Adamski claims to have been taken for a ride in a Venusian spaceship in 1952 and Antonio Villas Boas (not be mistaken with Andre Villas-Boas, the former Porto, Chelsea, and Tottenham manager), in 1957, in Brazil, claimed he'd been taken up in a spaceship and seduced by a female alien who had barked like a dog when they had sex.


Betty and Barney Hill's case, in 1961, seemed to set the template for future stories of alien abductions as it was the first to mention probes (Barney claimed to have had a cylinder inserted into his anus). Barney divulged this, following hypnosis to uncover repressed memories, and the Hills were also able to draw up a 'star map' of the places they'd been taken to during their incredible journey.

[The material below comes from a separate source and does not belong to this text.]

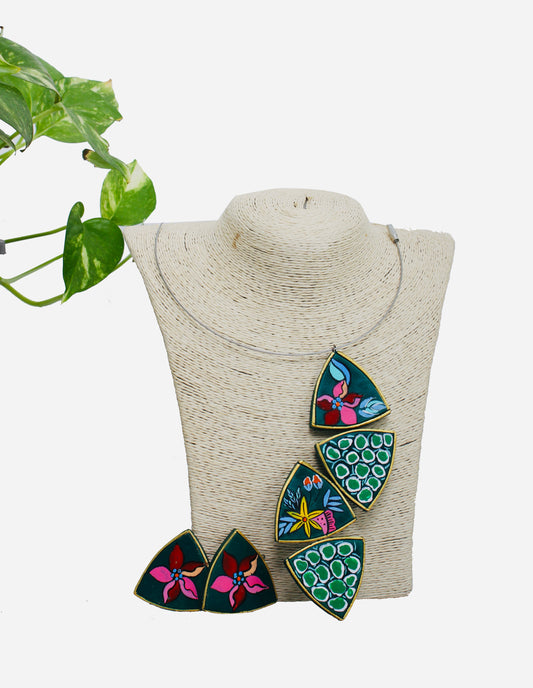 Colorful leaf-shaped earrings on a mannequin bust with a green plant in the background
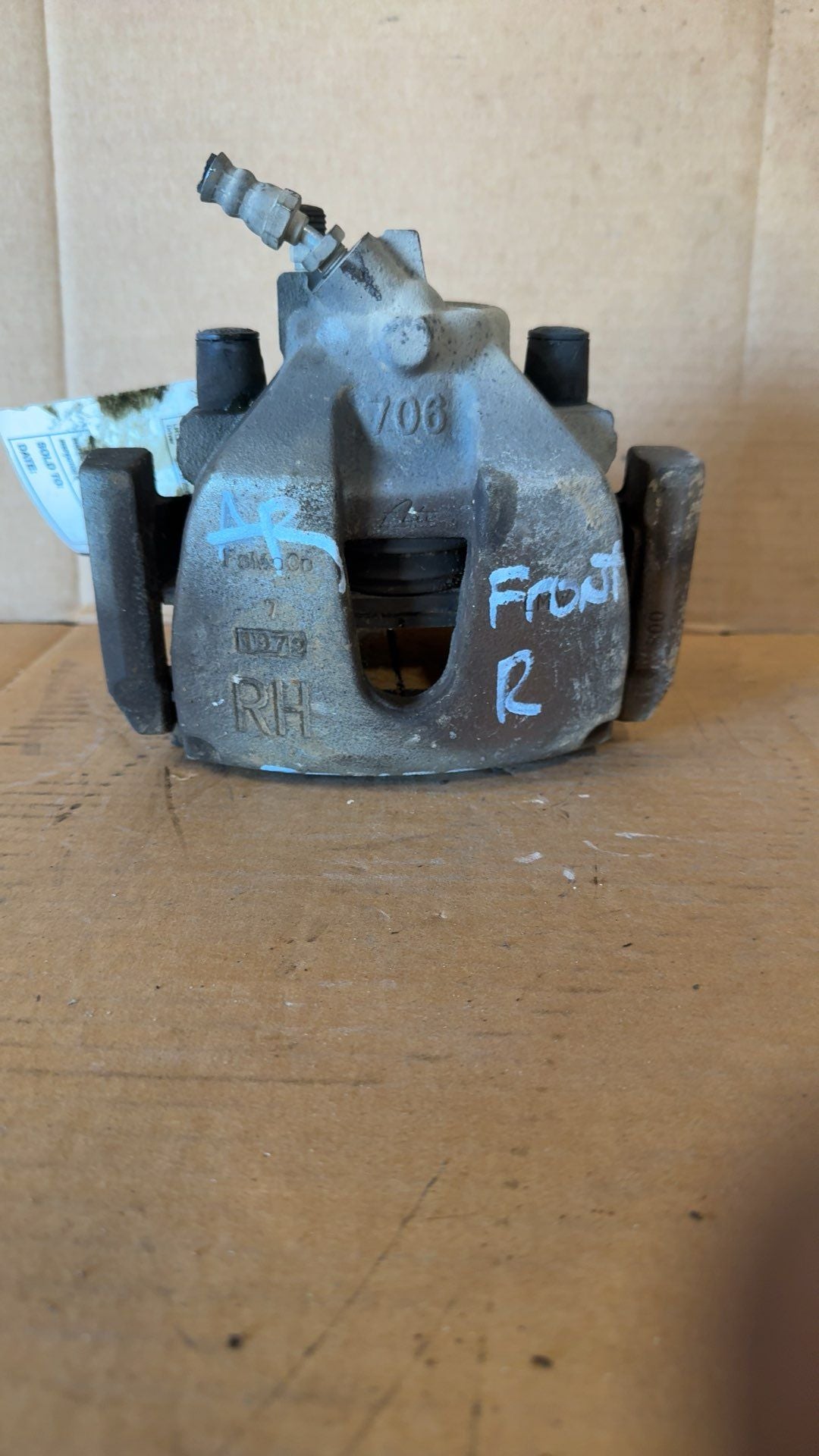 Brake Caliper from a 2012 Mazda 3, front, right side, photo 1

But hypnosis has been proven not to be a reliable method for recovering memories and the star map they drew up bore no resemblance to any star system currently known by astronomers. Alien skeptic Philip J. Klass, in his 1989 book UFO Abductions:A Dangerous Game, suggests the UFO that the Hills reported seeing was most likely the planet Venus which was unusually close on the evening of their adventure.


Elsewhere, it's worth reminding ourselves that UFOs exist. There are definitely Objects we see Flying that we are unable to identify and are thus Unidentified. I've seen several UFOs. That doesn't mean that they CAN'T be identified and it certainly doesn't mean that ET is flying them. Even 95% of ufologists accept that most reports of UFO sightings can easily be dismissed as aeroplanes, satellites, Chinese lanterns, laser displays, or the planet Venus.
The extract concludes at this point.